> _What to work on_
Every line below from the one with "suzi quatro uebergabe" through the one with "Ethan Allen Brycemoor" should be retyped exactly, both ends included; no other lines and no pictures.
---------- Listed records
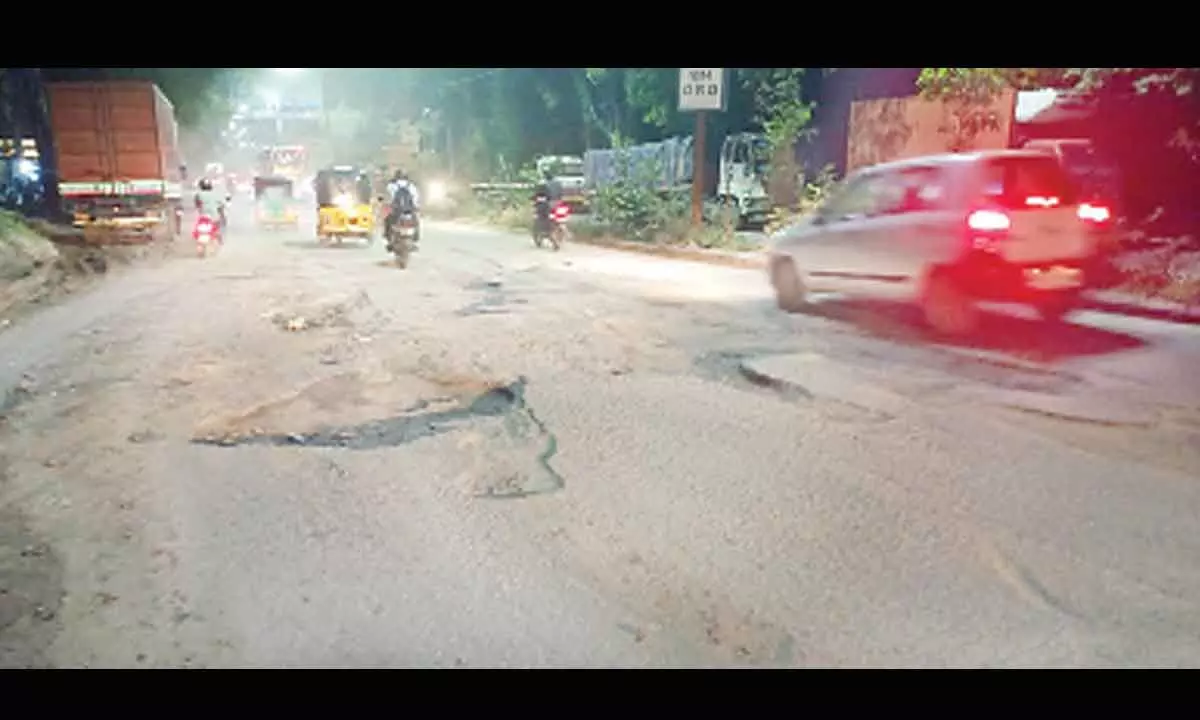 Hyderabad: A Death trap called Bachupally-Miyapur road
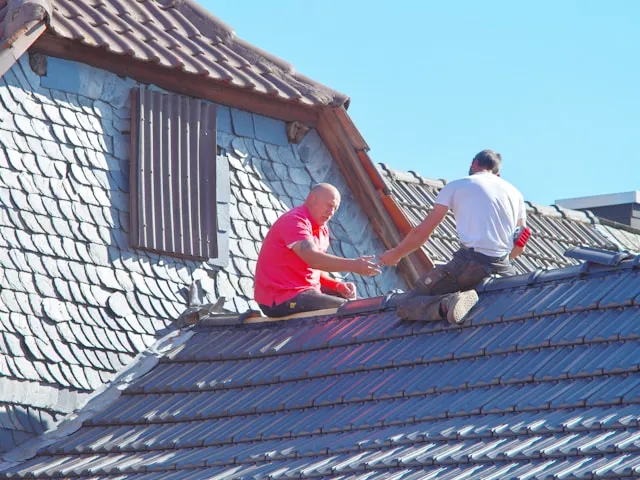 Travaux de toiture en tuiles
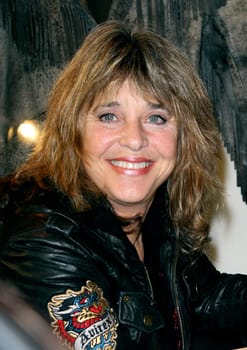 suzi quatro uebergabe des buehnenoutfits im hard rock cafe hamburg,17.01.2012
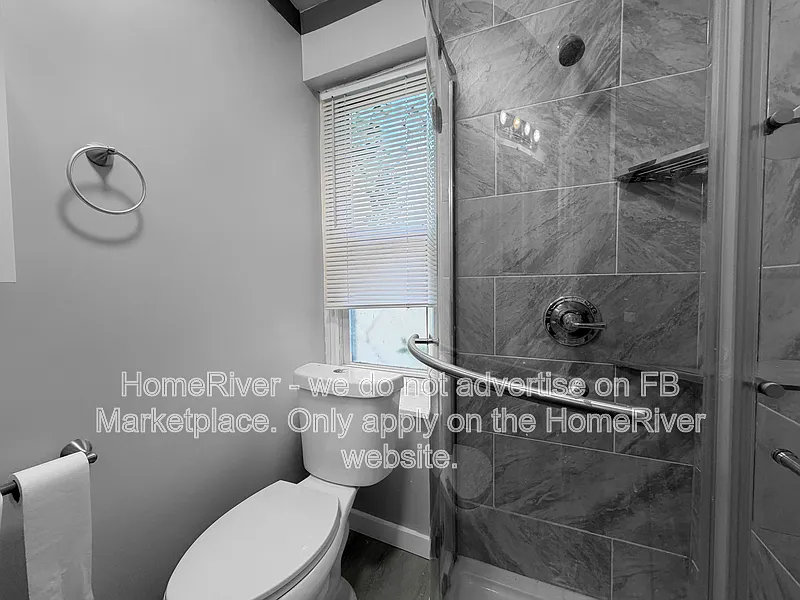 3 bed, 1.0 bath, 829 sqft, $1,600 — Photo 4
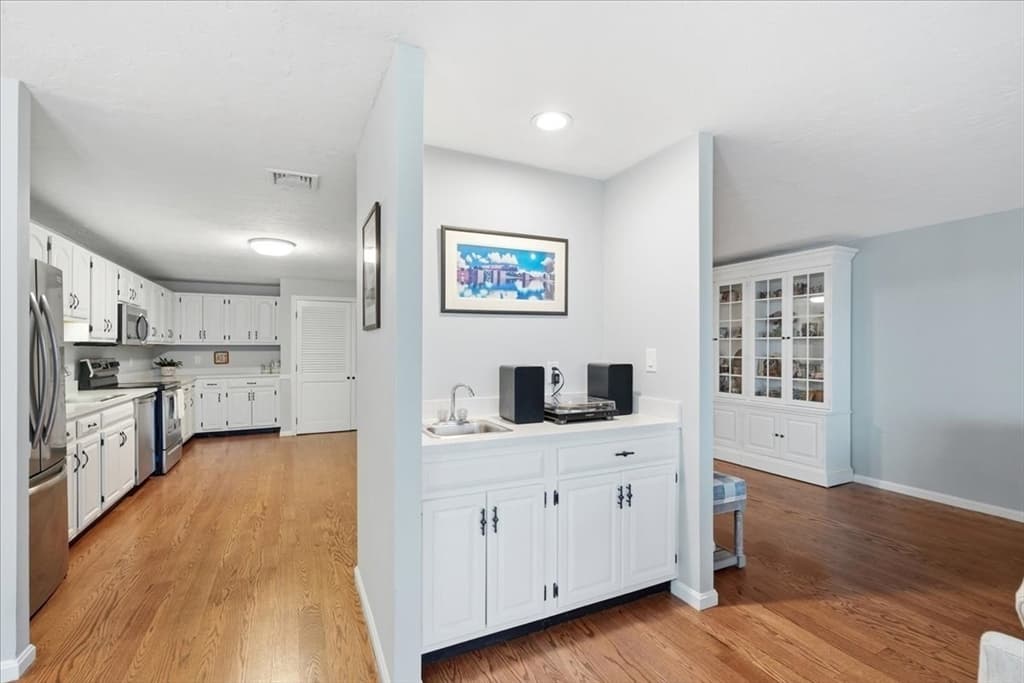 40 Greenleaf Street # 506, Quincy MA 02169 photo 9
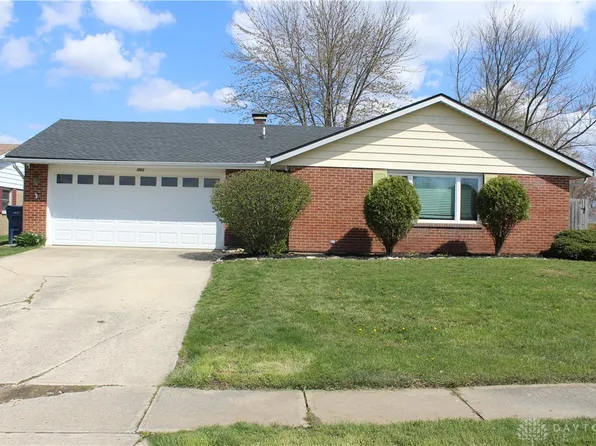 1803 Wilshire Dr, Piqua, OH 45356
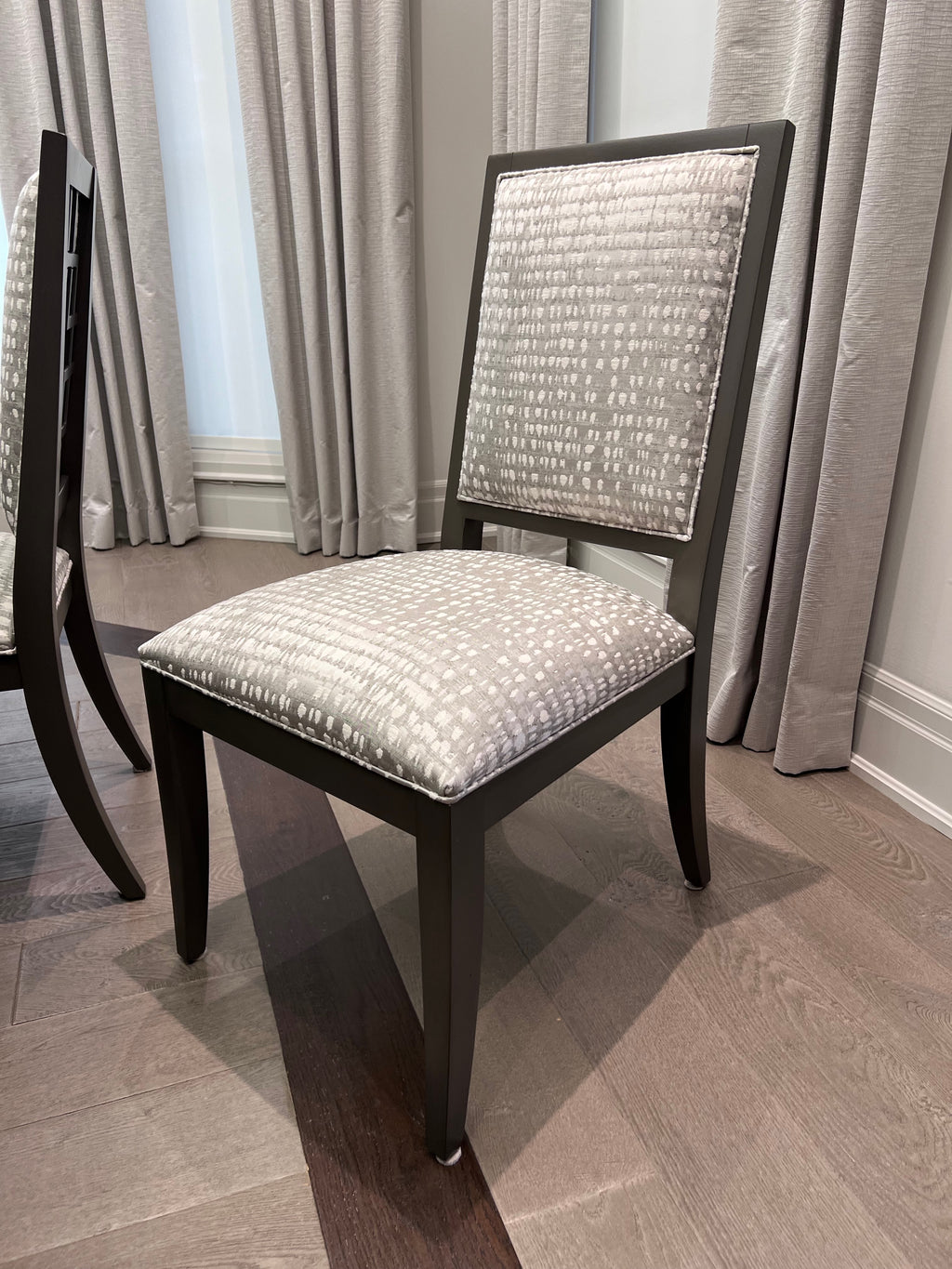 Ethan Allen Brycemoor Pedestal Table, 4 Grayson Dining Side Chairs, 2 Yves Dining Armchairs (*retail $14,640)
--------------------
---------- Listed records
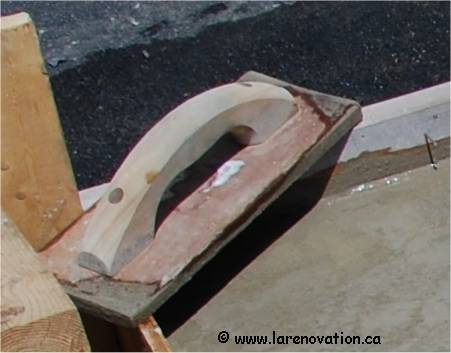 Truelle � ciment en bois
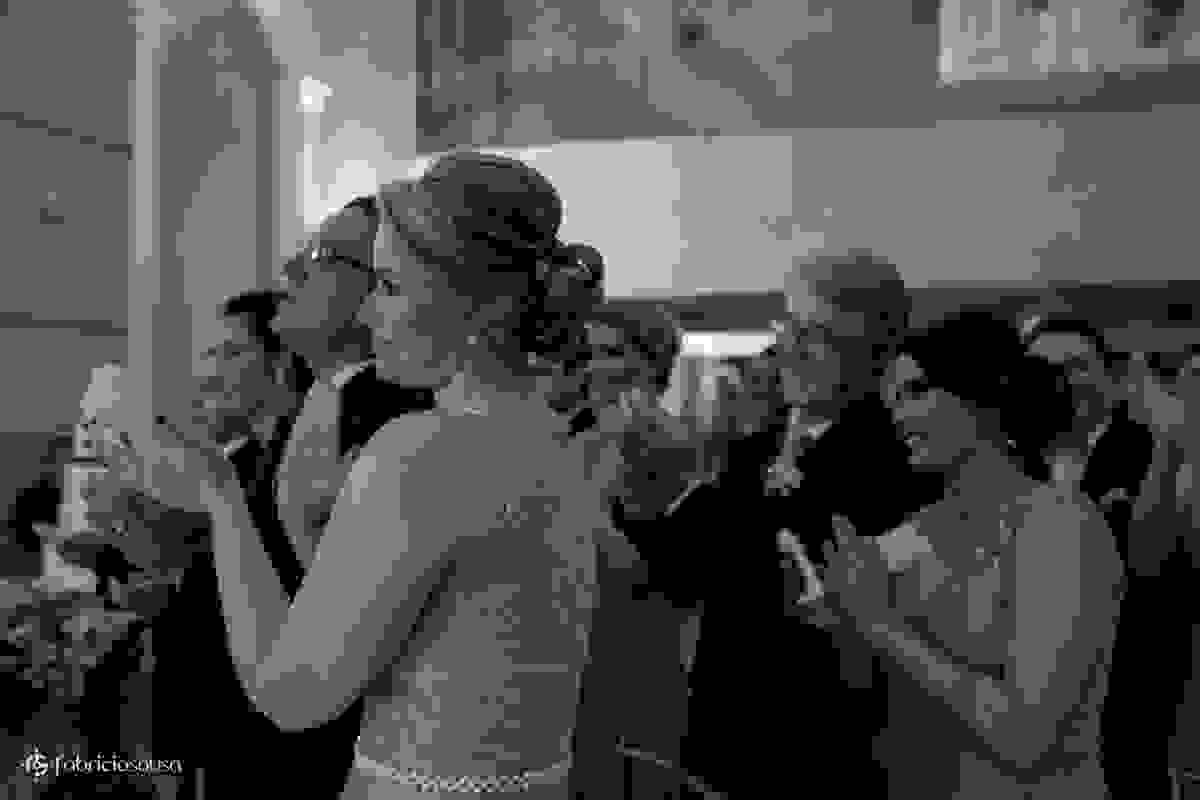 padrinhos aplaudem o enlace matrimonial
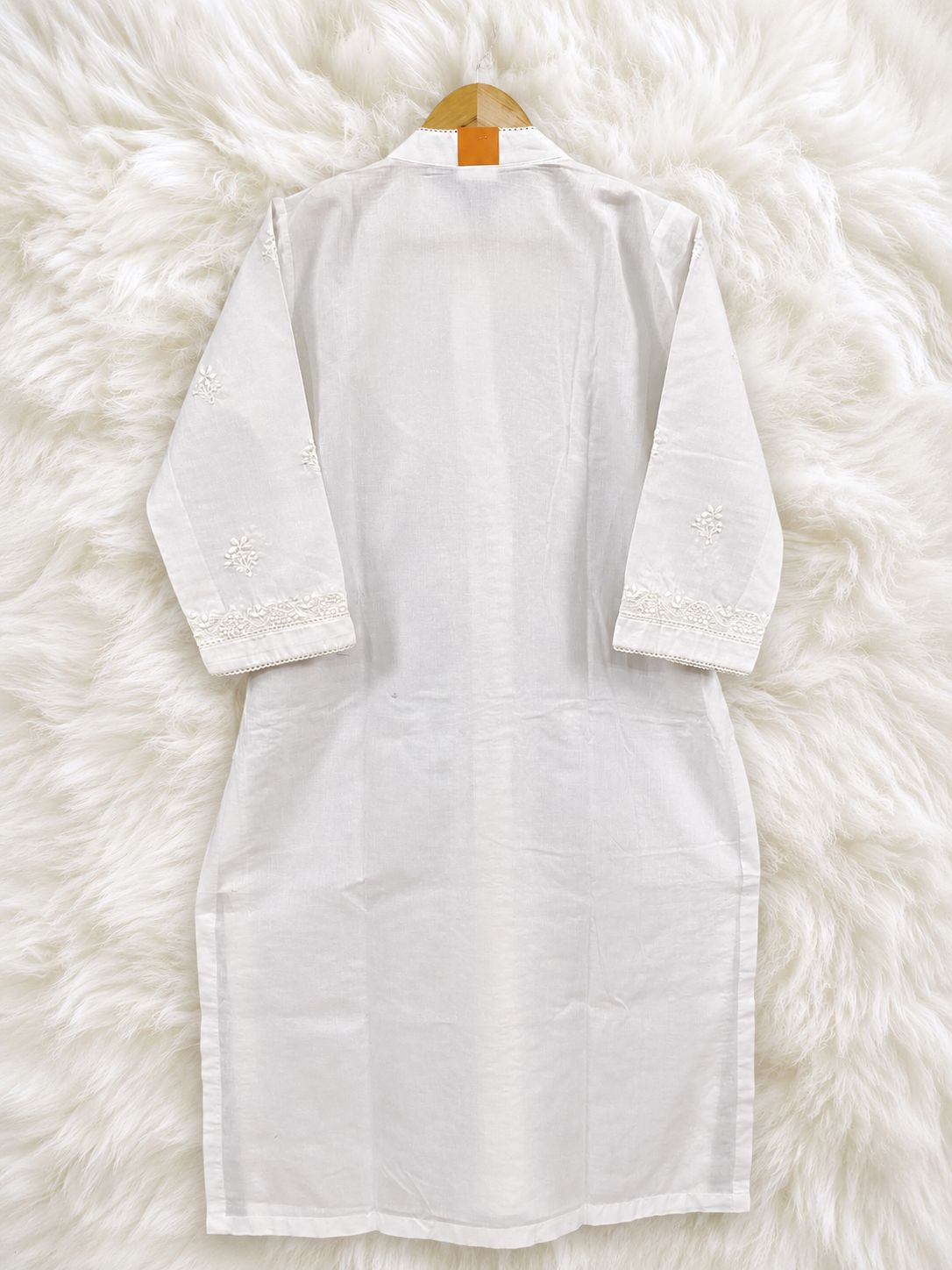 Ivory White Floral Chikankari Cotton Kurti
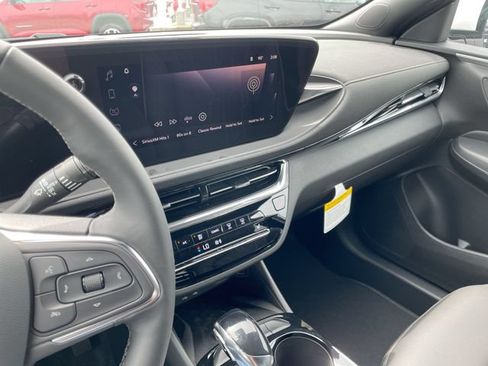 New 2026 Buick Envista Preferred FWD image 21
--------------------
---------- Listed records
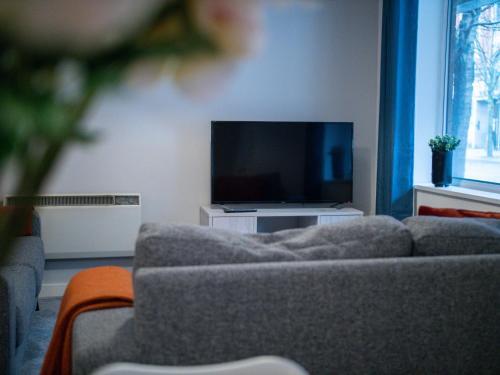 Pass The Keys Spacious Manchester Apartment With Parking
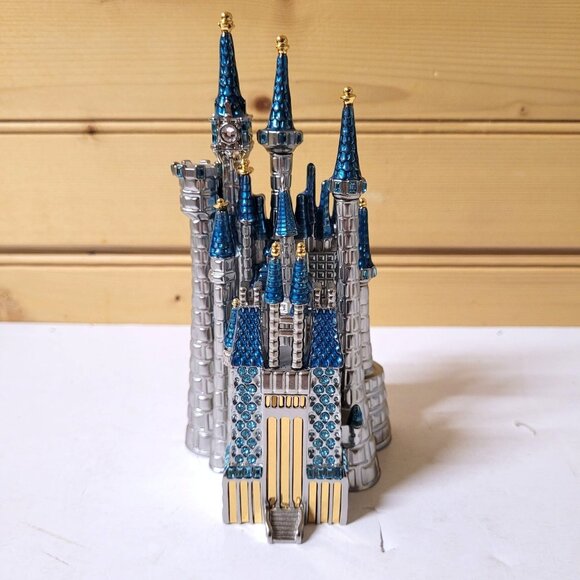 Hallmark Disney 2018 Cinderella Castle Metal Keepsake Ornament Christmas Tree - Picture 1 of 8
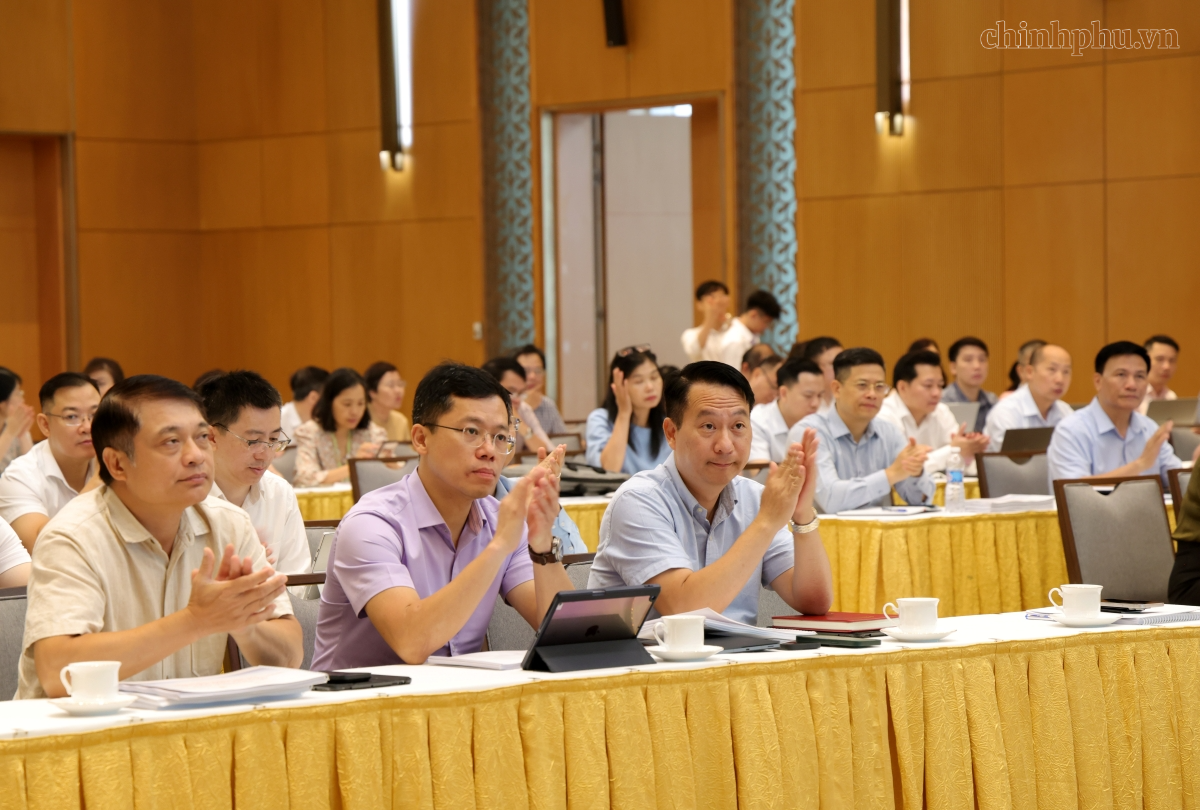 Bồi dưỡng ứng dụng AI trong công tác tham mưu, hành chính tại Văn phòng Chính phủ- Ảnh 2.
--------------------
> _Written reply_
 suzi quatro uebergabe des buehnenoutfits im hard rock cafe hamburg,17.01.2012
 3 bed, 1.0 bath, 829 sqft, $1,600 — Photo 4
 40 Greenleaf Street # 506, Quincy MA 02169 photo 9
 1803 Wilshire Dr, Piqua, OH 45356
 Ethan Allen Brycemoor Pedestal Table, 4 Grayson Dining Side Chairs, 2 Yves Dining Armchairs (*retail $14,640)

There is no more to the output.